Entonces, cuando ya no encuentres ni su casa, ni la tuya, ni el árbol donde escribiste su nombre y el tuyo con tu primer cortaplumas, y no puedas ya oler ni ver tu pasado (que es, talvez, lo único real que te va quedando), entonces escucharás la canción de los barrios asesinados.
Se te alojará en el centro de tu pecho, te darán ganas de llorar y gritar, frente a un edificio igual a miles de edificios que se levantan todos los días, como por arte de magia negra, en Santiago, un edificio que tú sabes envejecerá mal y que vino a ocupar, con la prepotencia de un invasor, “tu” esquina, tu infancia.

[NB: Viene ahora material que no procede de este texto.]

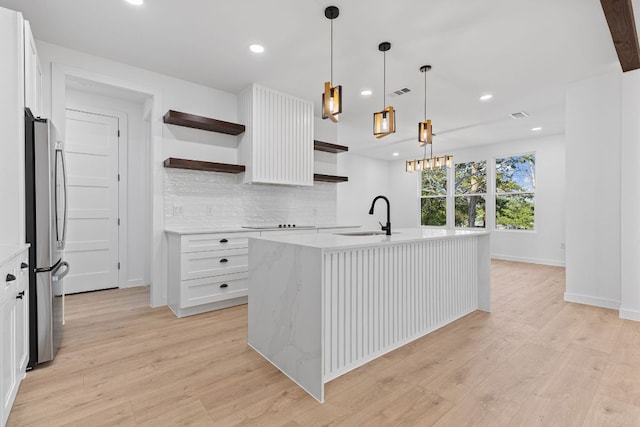 208 Ulupau Cir, Bastrop, TX 78602 - kitchen featuring open shelves, freestanding refrigerator, tasteful backsplash, light wood-style flooring, and recessed lighting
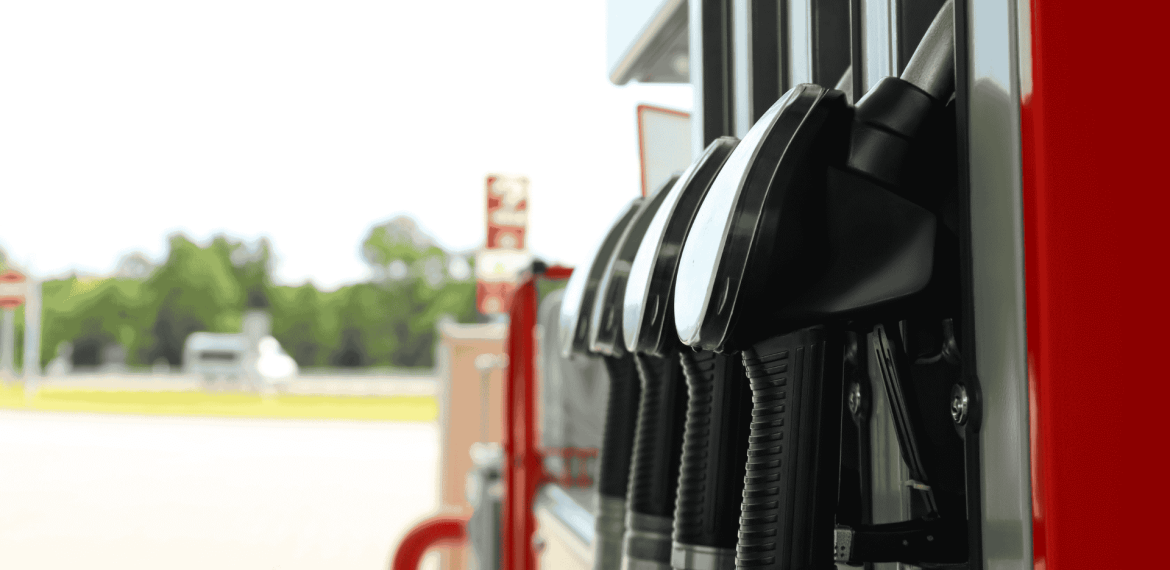 Close-up view of several black fuel pump handles at a gas station, with a blurred background showing trees and an empty forecourt—a striking scene reminiscent of a new show lineup waiting to debut.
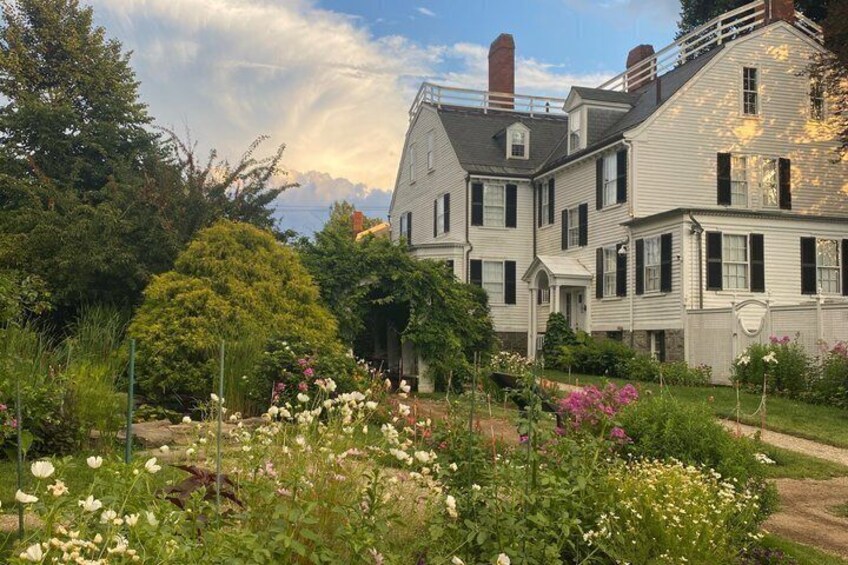 A row of white houses with black shutters, surrounded by a garden with various flowers and greenery. 5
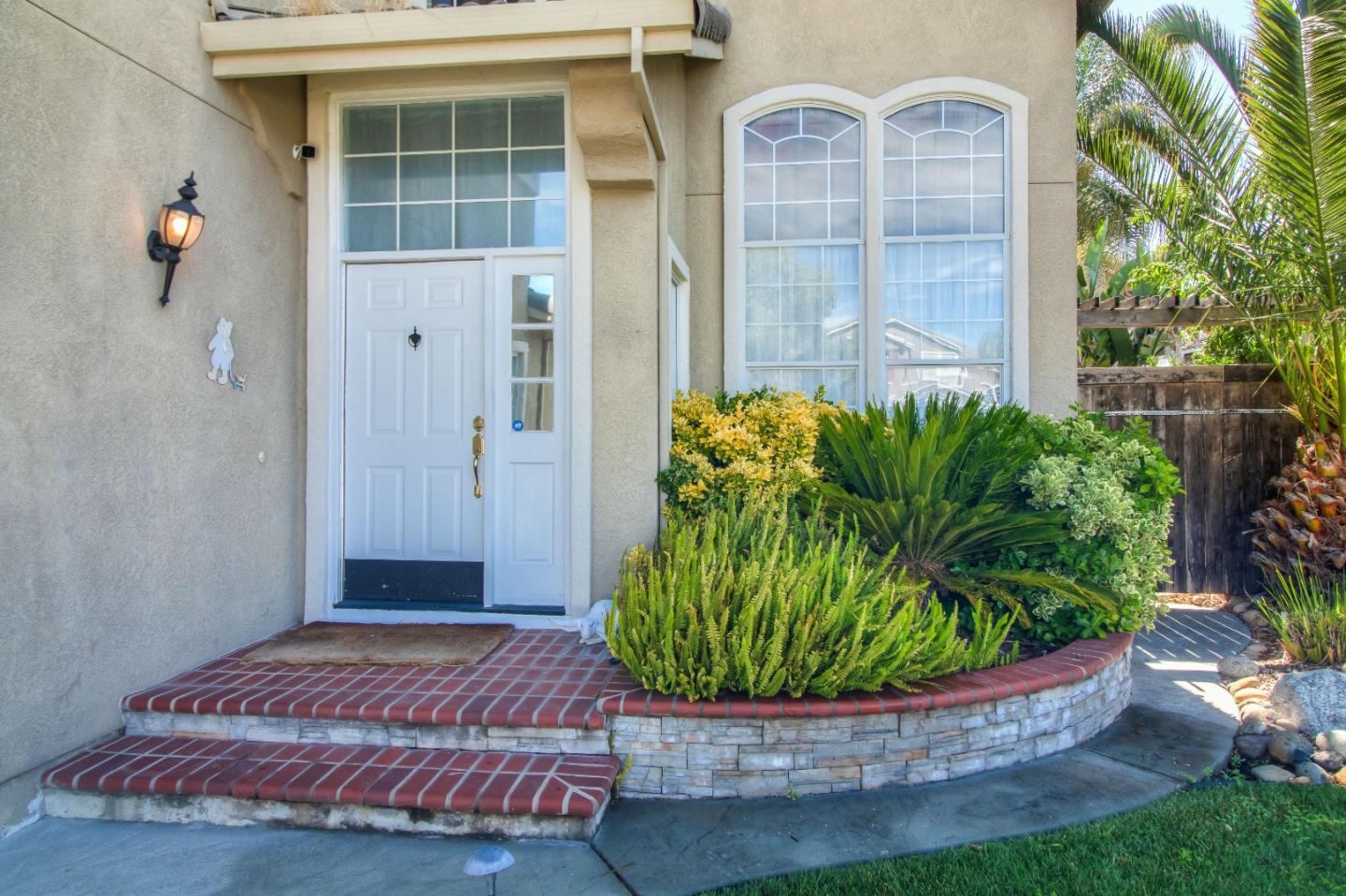 9402 Rodeo Drive Gilroy, CA 95020 - Photo 3 of 39 a front view of a house with a garden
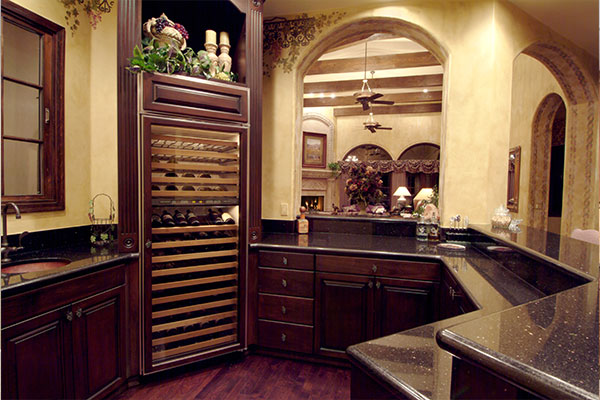 Dark wooden kitchen cabinets and a wine cabinet.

¿No han escuchado los alcaldes, los seremis de Vivienda, las inmobiliarias voraces, la canción de los barrios asesinados? En sus cómodos escritorios firman y firman permisos de construcción, que van demoliendo todo pasado que se les cruce por delante, como si quisieran deshacerse de nuestras odiseas de barrio, de nuestras pandillas sagradas, de todo lo que nos dio fuerza un día para salir -como Ulises- a conquistar el mundo.
Mañana, nuestros nietos nos tomarán de la mano y nos preguntarán desesperadamente: “¿Cuál era la casa donde viviste, tata? ¿Dónde viste por primera vez a la abuela Beatriz?”. Entonces, les diremos: “Ya no están esos lugares, solo siéntate aquí conmigo a escuchar la canción de los barrios asesinados; estos edificios que ves son las lápidas que la usura colocó sobre nuestros jardines muertos…”.
El Ulises de Homero, o el más moderno de Joyce, o de Paul Auster, sabían que, si volvían, encontrarían a Itaca o Dublín o Brooklyn más o menos como los habían dejado. Y que sus viejas ciudades o barrios eran talvez más pobres, menos vistosas, más grises que las que habían conocido en sus largos periplos, pero a ellos podían volver como un perro herido vuelve al lugar donde nació, a marcar su territorio.
Pero Ulises ya no podrá volver aquí, porque no habrá un “aquí”. Santiago será recordada como la ciudad que liquidó su futuro por asesinar su pasado. Telémaco no sabrá dónde vive su padre, Penélope habrá vendido su alma a la inmobiliaria “Hades” y no querrá saber nada de viejos amores de barrio (“¡Con la plusvalía que hay!”). Su fiel perro Argos enloquecerá buscando calles que se borraron del mapa. ¿Hay algo más triste que un perro buscando un lugar que ya no existe?
Con la mirada perdida frente a una esquina arrancada de cuajo (la de la Plaza Las Lilas, por ejemplo), Ulises Santiago será el último habitante que escuche -entre los ruidosos cantos de sirenas y alarmas- la canción de los barrios asesinados. Después, todo será olvido.